_WHAT YOU NEED TO DO_
The required answer is the run of lines from the one holding "2022 Topps Chrome" to the end of the data below, copied exactly and free of pictures.

_Crawled caption data_
- - - - - - -

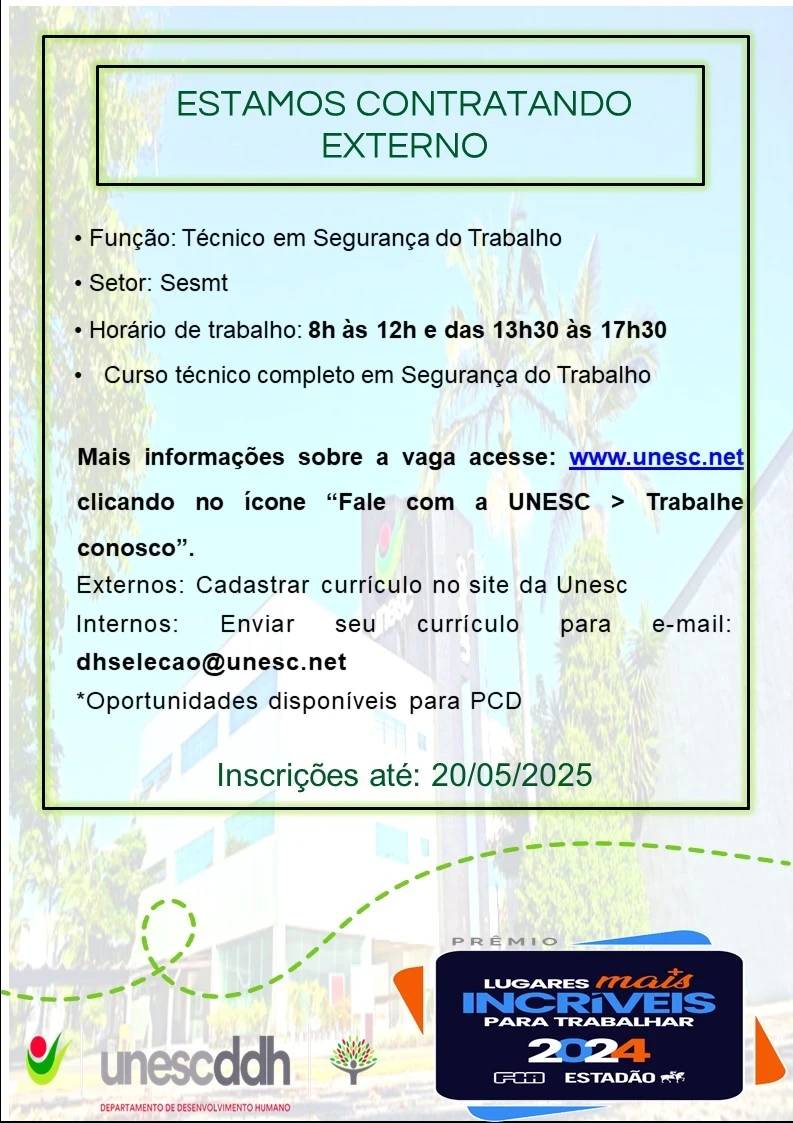 Vagas de emprego no Sul de Santa Catarina — foto 1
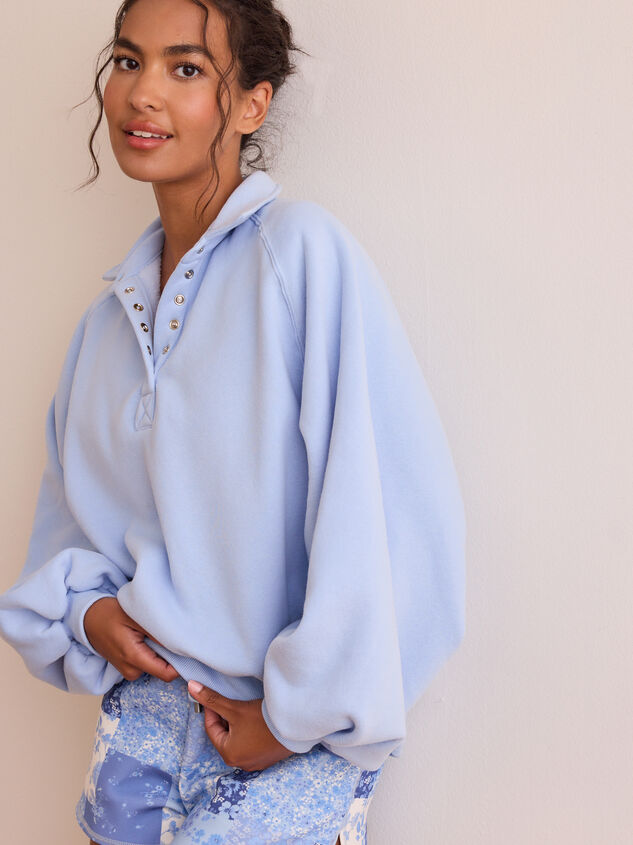 Peak Balloon Sleeve Pullover Detail 2 - TULLABEE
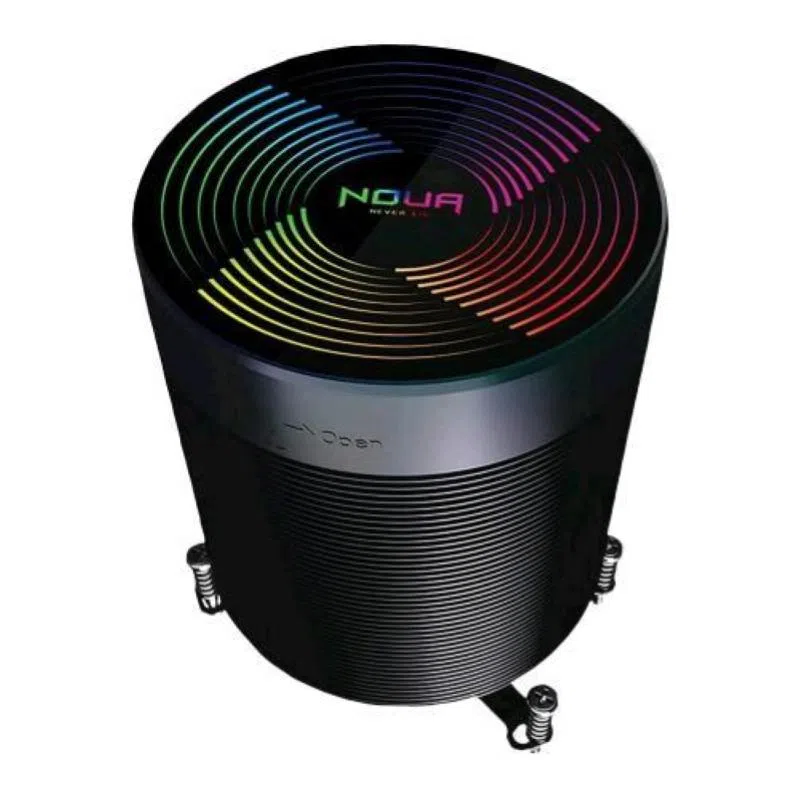 Noua alaska rgb addressable 5v add-rgb dissipatore di calore tdp 150w 5 heatpipes cooler cooling fan ventola pwm da 60mm — 2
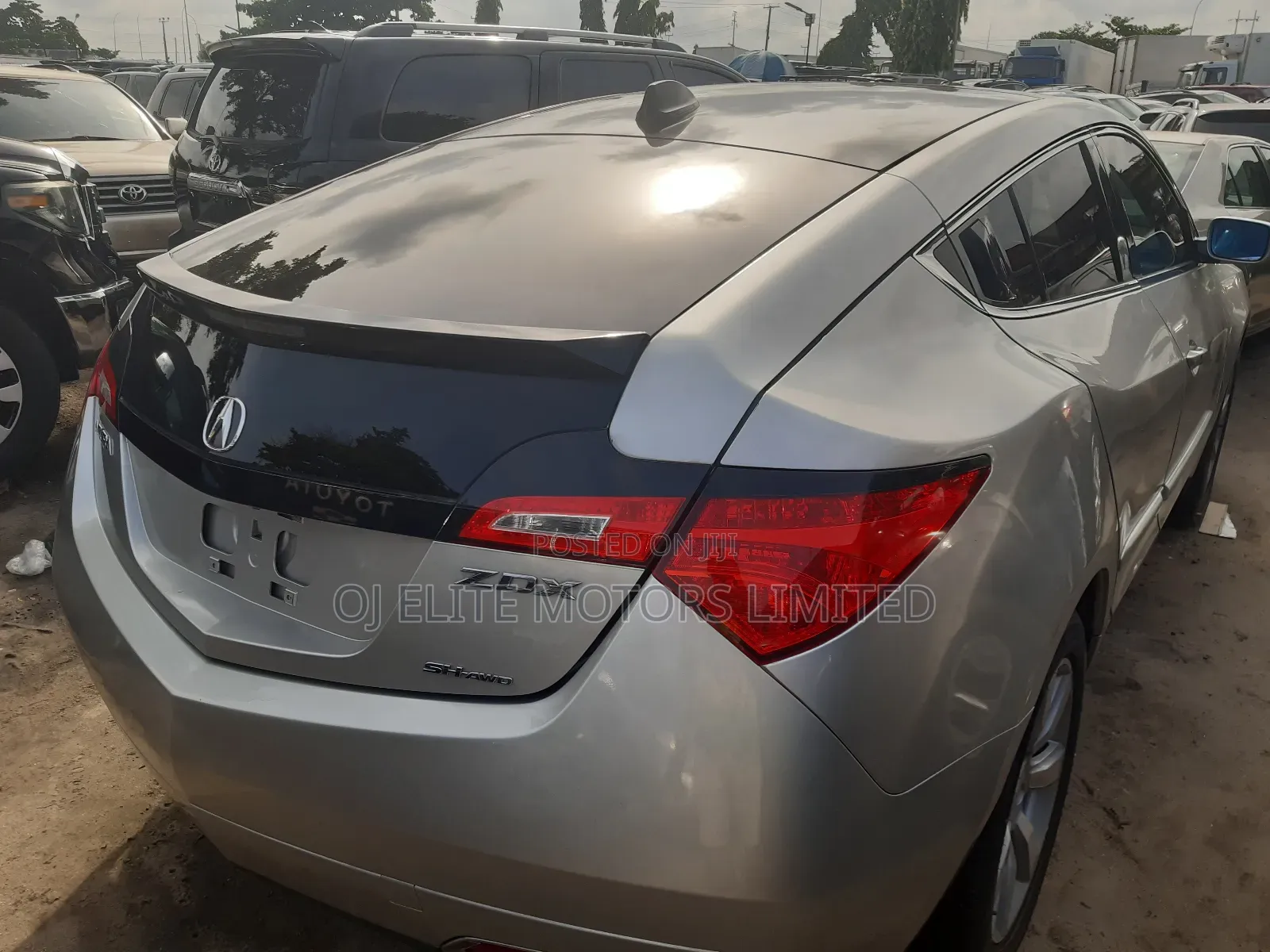 Acura ZDX Base AWD 2012 Silver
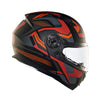 Royal Enfield Lightwing Modular Multi Rays Matt Black Orange Helmet
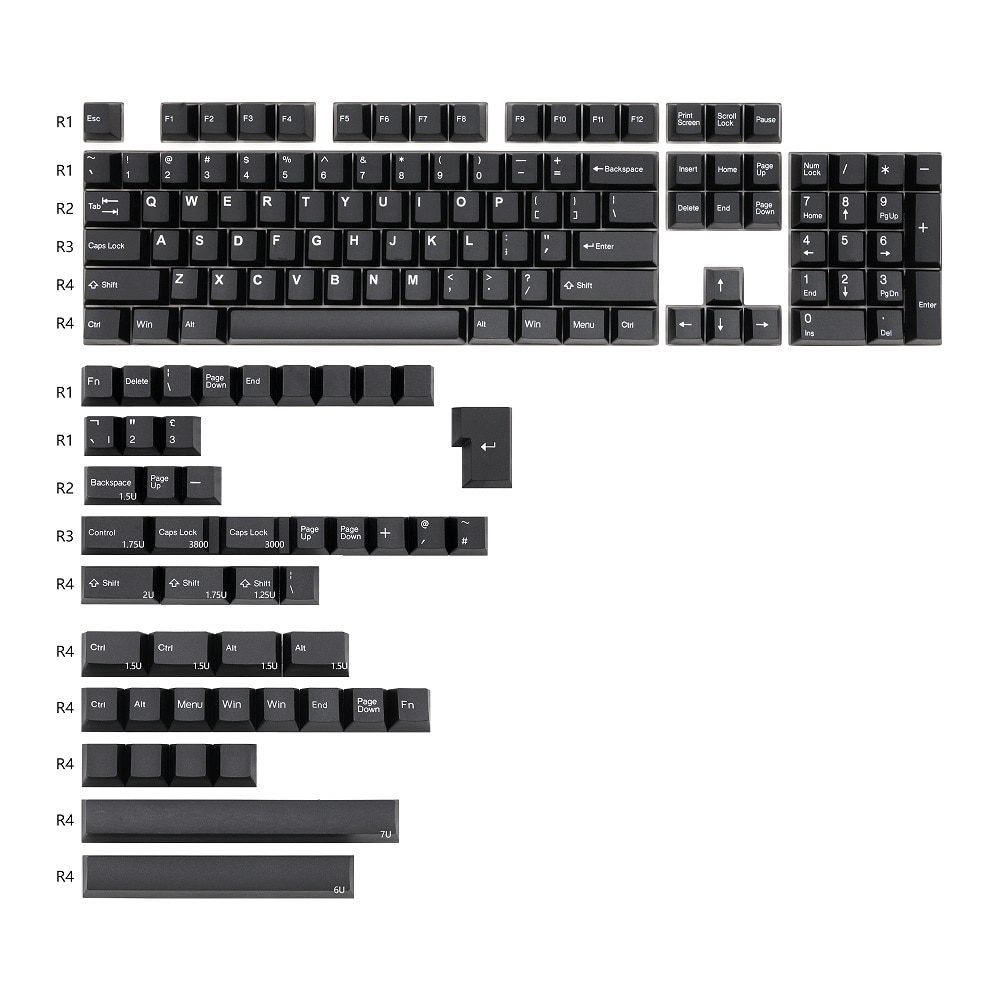 taihao WOB White on Black abs doubleshot cubic keycap for diy gaming mechanical keyboard for xd64 bm60 xd68 bm68 xd84 gh60 xd96 taihao WOB White on Black abs doubleshot cubic keycap for diy gaming mechanical keyboard for xd64 bm60 xd68 bm68 xd84 gh60 xd96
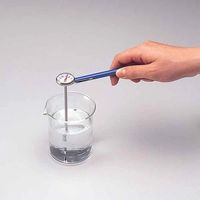 エスコ ー10 ゚C~100 ゚C バイメタル温度計 EA722CA-40 1セット(5個)（直送品）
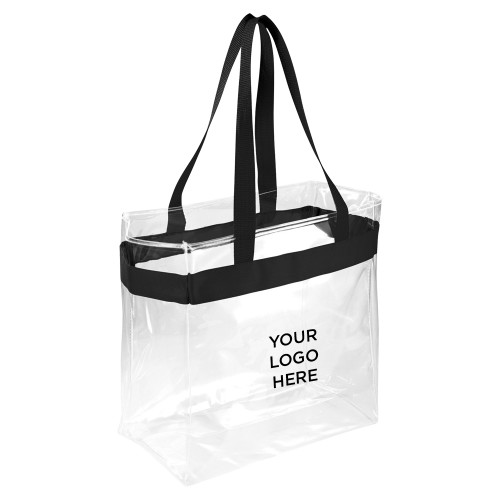 Game Day Clear Stadium Tote-Blank Logo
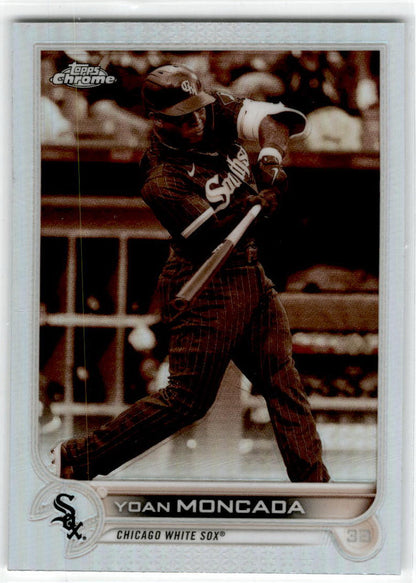 2022 Topps Chrome Sepia #127 Yoan Moncada Chicago White Sox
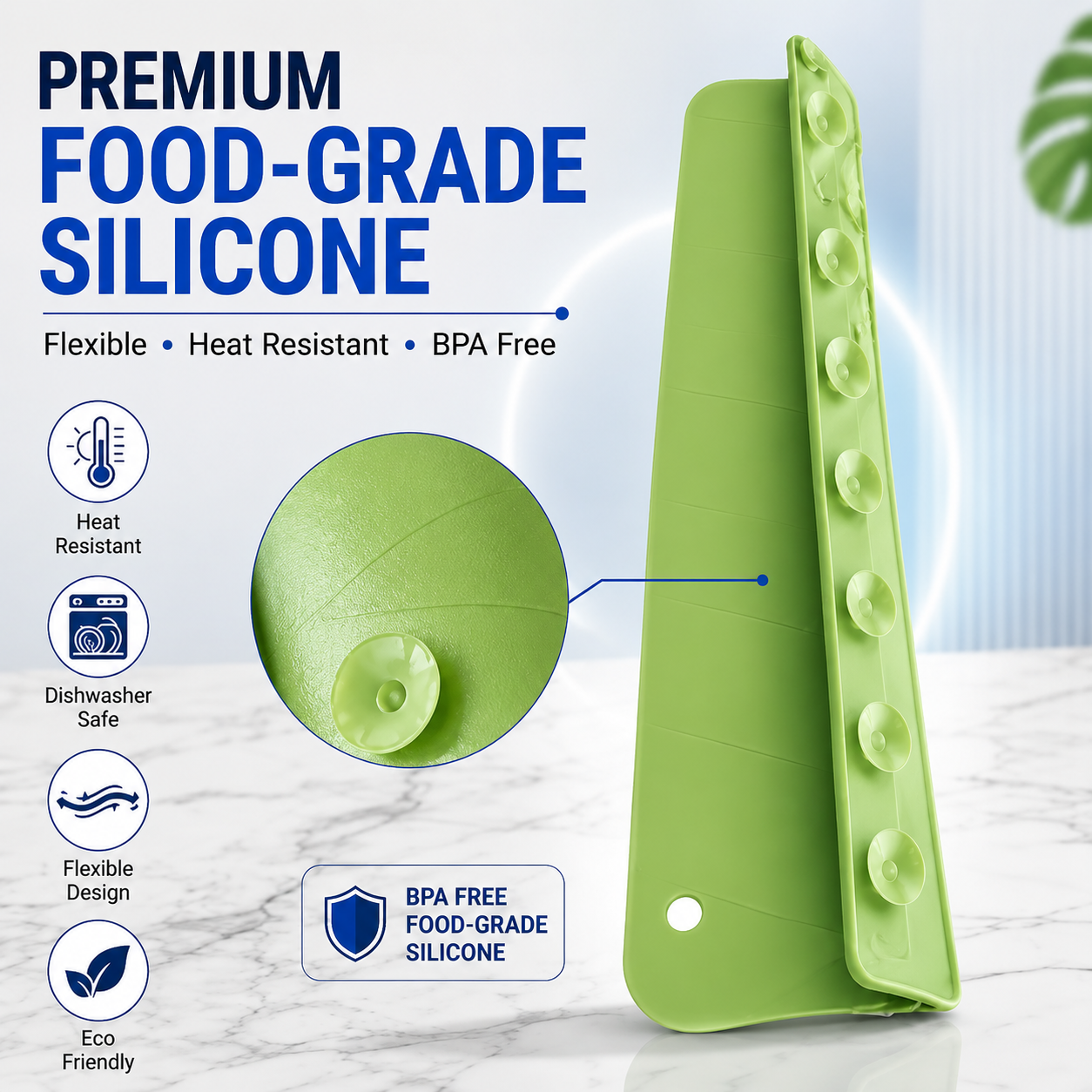 Water Splash Guard | Silicone Sink Splash Guard for Kitchen and Bathroom
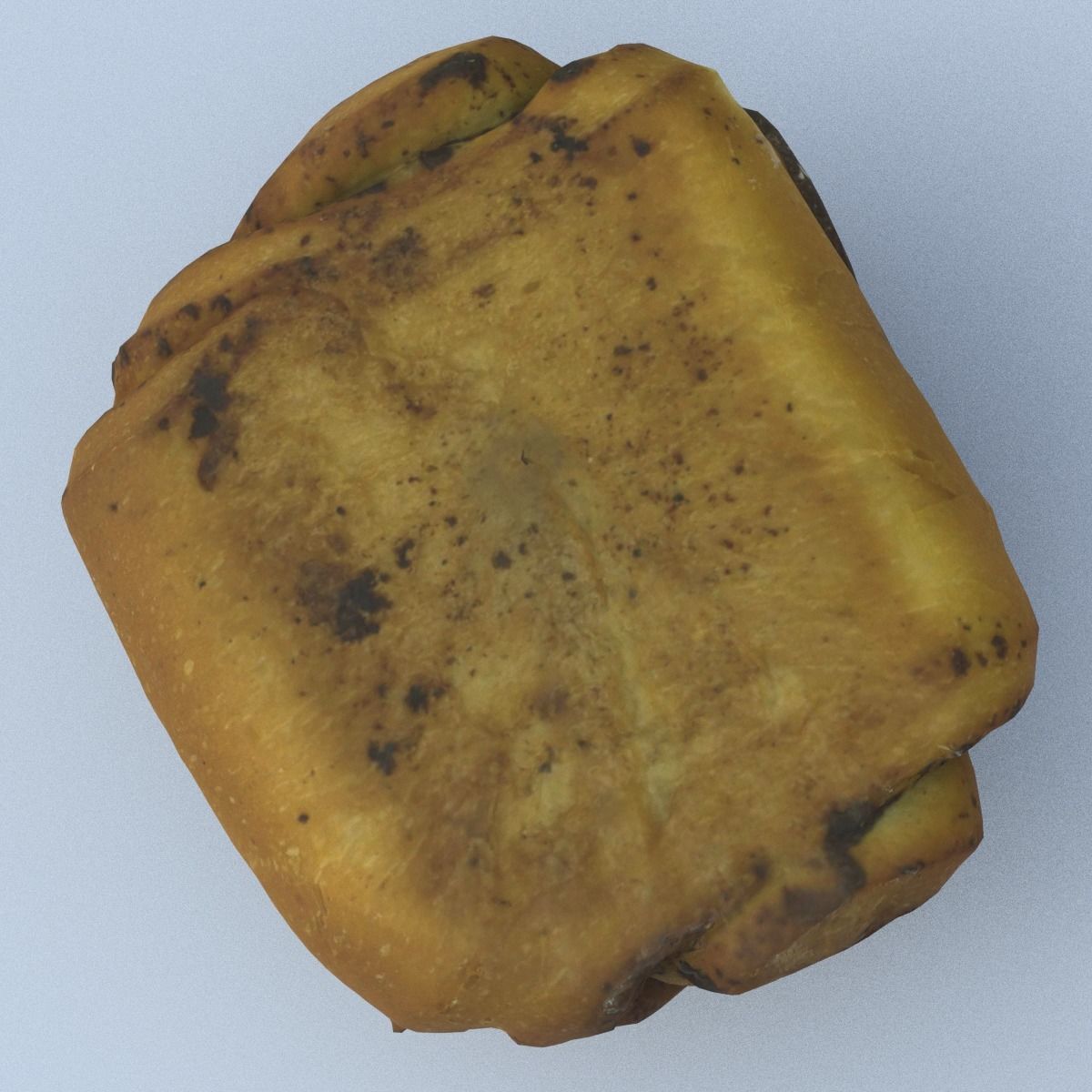 Chocolate Roll Middle Poly 3D model_2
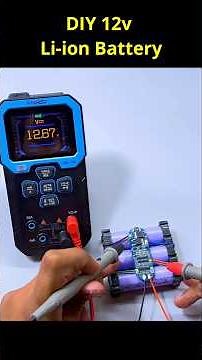 DIY 12v Li-ion Battery | Electronic Project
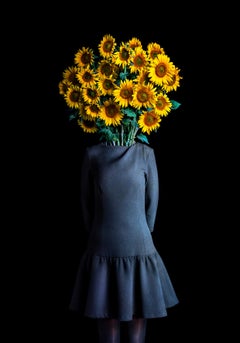 Roots Nº 30 Yellow Sunflowers Surrealist Portrait Miguel Vallinas
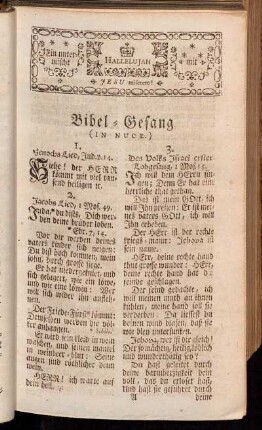 Bibel-Gesang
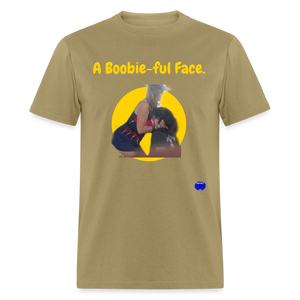 A Boobie-ful Face T-Shirt - khaki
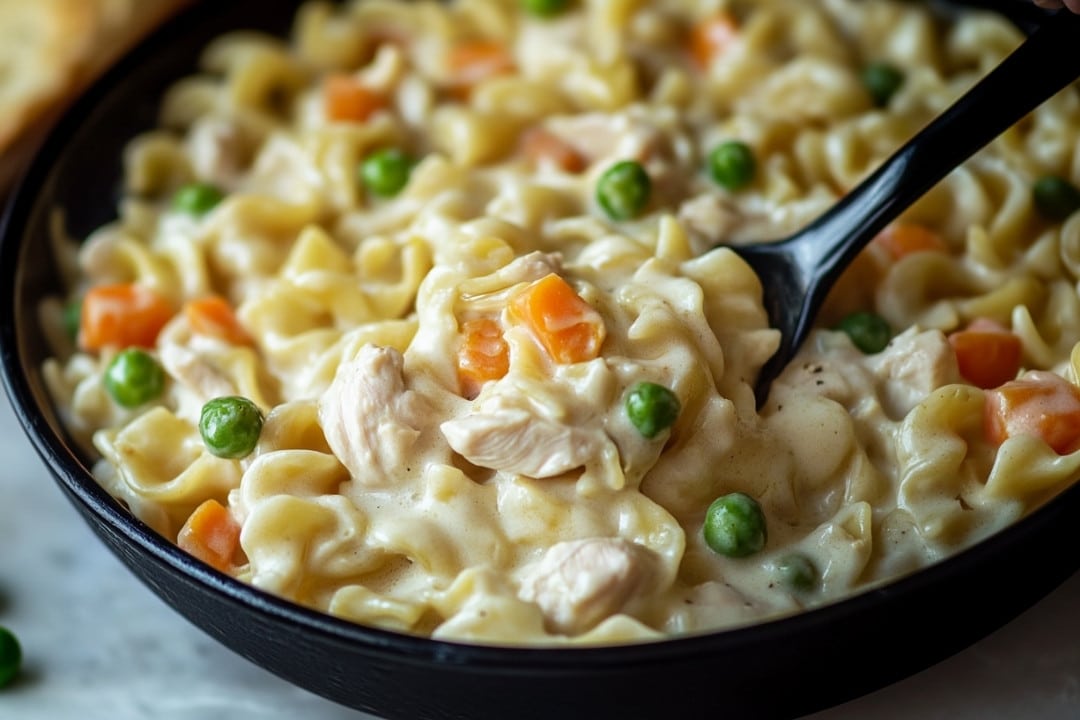 Chicken Pot Pie Noodle Recipe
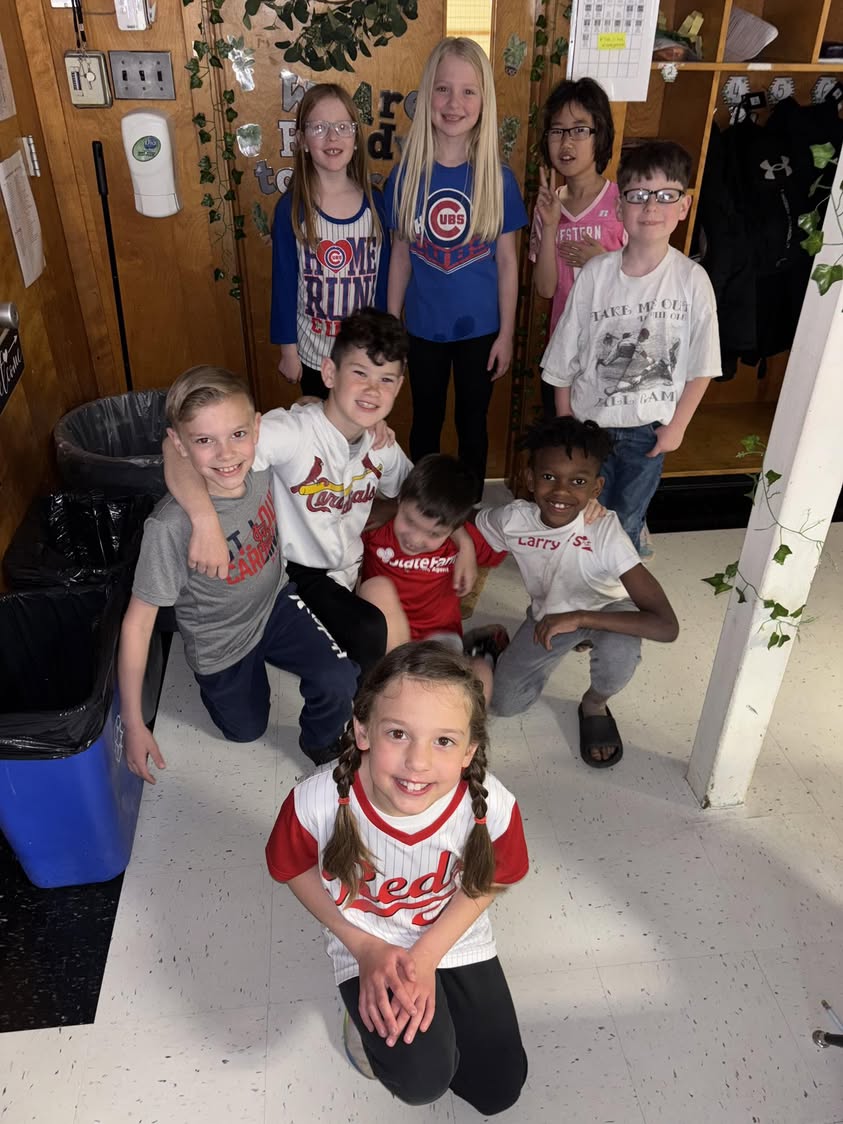 Lincoln students wore baseball attire today to celebrate the opening of baseball season! #MAC185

- - - - - - -

_TASK OUTPUT_
 2022 Topps Chrome Sepia #127 Yoan Moncada Chicago White Sox
 Water Splash Guard | Silicone Sink Splash Guard for Kitchen and Bathroom
 Chocolate Roll Middle Poly 3D model_2
 DIY 12v Li-ion Battery | Electronic Project
 Roots Nº 30 Yellow Sunflowers Surrealist Portrait Miguel Vallinas
 Bibel-Gesang
 A Boobie-ful Face T-Shirt - khaki
 Chicken Pot Pie Noodle Recipe
 Lincoln students wore baseball attire today to celebrate the opening of baseball season! #MAC185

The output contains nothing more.